Goebel agrees, “Once you know your skin’s tone, pick a hair color that’s the opposite – so for cooler skin, we recommend ash, cool beige, or coppery-red tones to bring out your natural blush, and for warmer skin, try golds, warm beiges, chocolatey brunettes, and mahogany reds to get that glowy, highlighted finish.” If you have a neutral skin tone – you’re lucky; you can easily transition from cool to warm and vice versa.
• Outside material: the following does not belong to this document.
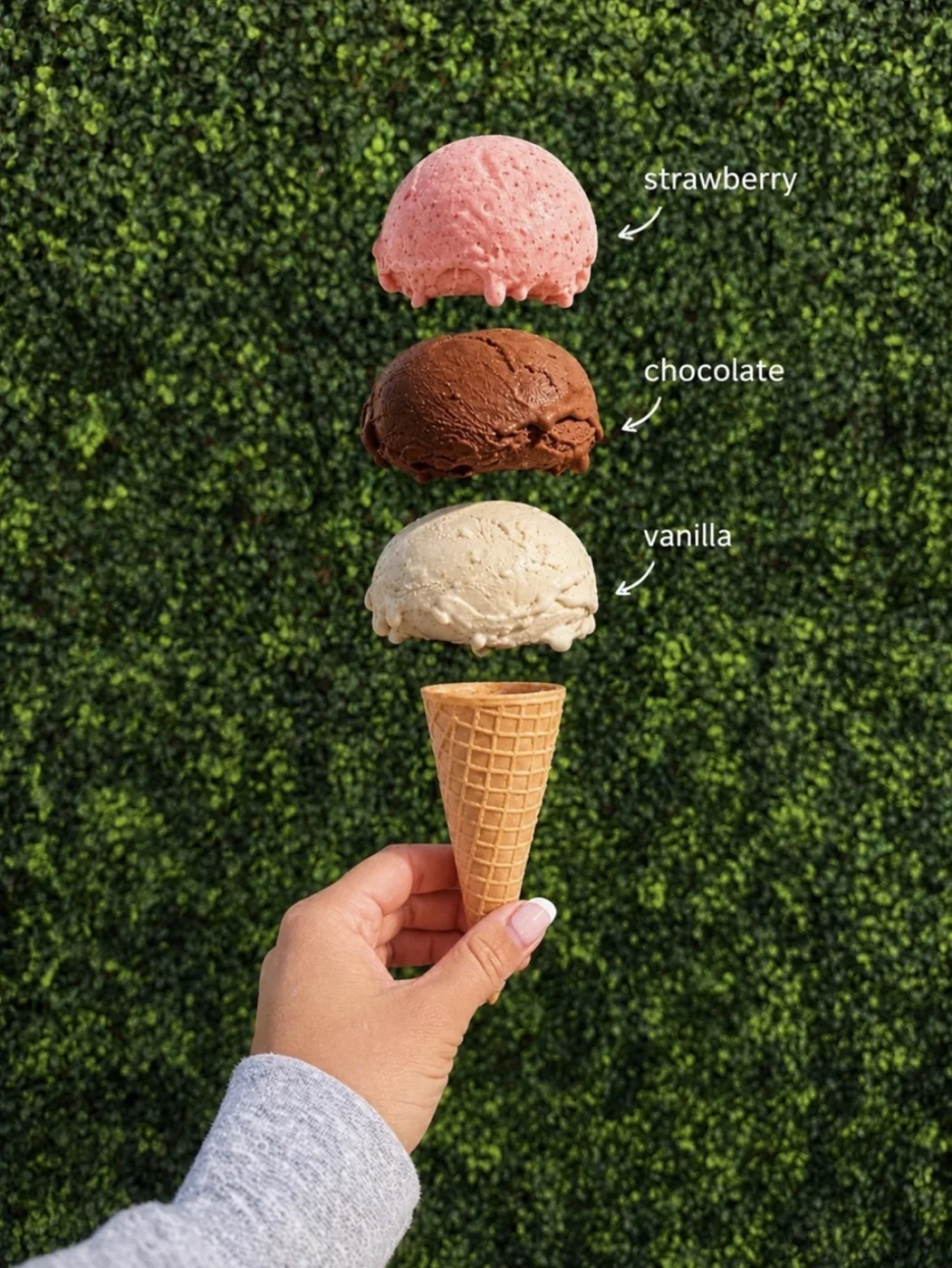 Vanilla, chocolate and strawberry scoops stacked above a cone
BTW, Tommy says that “When considering whether to go lighter or darker, it’s important that it’s maintainable and won’t compromise the hair’s condition. If your natural color is considered [by professionals] to be in the blonde range, then I’d be wary of going more than two shades darker. This isn’t just about the optics; it’s about how blonder hair structures hold pigment.”
3. Consider Your Lifestyle
Maintaining (faux) hair color is no easy feat when everything between your styling tools and chlorinated water actively works against it – yup, even with highlights! Amelie Lemoine, a stylist and colorist at Yves Durif Salon in Manhattan, New York, explains, “The upkeep for highlights really depends on how far you deviate from your natural base.”
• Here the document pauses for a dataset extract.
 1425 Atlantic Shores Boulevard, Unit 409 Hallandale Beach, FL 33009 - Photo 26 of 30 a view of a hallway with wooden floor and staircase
She continues, “For example, if you already have a dark starting base color that drastically contradicts the brighter highlights, you will need to go to the salon for more frequent touch-ups every three to four weeks.” And if you have grays, then you’ll also have to get your roots touched up every two to three months.
If going to the salon to refresh your color and splashing on upkeep isn’t the vibe, Lemoine loves the ombre-balayage look for their low-maintenance appeal. “First, you can utilize your natural color with the enhancements of highlights strategically located on the ends to complement your skin tone, and if you’re budget-conscious, this is the perfect type of color as it doesn’t require frequent touch-ups,” she adds.
4. Take the Seasons into Account
Marie-Antoinette Martinez, a colorist at Frédéric Fekkai Salon at The Mark Hotel in NYC, preaches the importance of seasonal awareness when it comes to dyeing your locks. “How much sun your hair is exposed to offers clues as to what type of processes your hair can handle,” she says. So sun worshippers, beware, if your hair is already in need of TLC, you may not be able to do a complete overhaul.
If your hair is on the healthy side, however, Martinez recommends going for “richer, warmer tones in the winter and brighter and lighter in the warmer months.” After all, if your hair already looks unhealthy, dying or bleaching it will never improve it.
5. Schedule Your Cut Before Color
“Color always looks more impactful on freshly cut, well-maintained hair, and your texture plays a big role in deciding what type of service to perform,” says Martinez. “Some haircuts might look great with a solid color with little dimension, while others with a lot of dimension enhance layers.”
Translation: cut before color always, and make sure you speak to your stylist and colorist before both services, so everyone’s on the same page. For example, if you have your hair cut and colored to work with a naturally curly state but always style it straight, those are things they should know upfront.
What Hair Colors Suit Your Skin Tone Best
Now for the fun stuff – choosing hair colors! While you’re free to choose ANY color out there, Tommy and Karl share their recommendations on what shades work best for fair to rich skin tones. So, whether you have warm or cool undertones, you can find the color that will work best for you based on your natural hair color. Ready to screenshot?
Hair Colors for Fair Skin Tones
Fair with Cool Undertones: “If hair is naturally blonde, then cooler, icier tones compliment really well; going darker though will require more warmth. Strong coppers and reds also work,” Tommy tells us.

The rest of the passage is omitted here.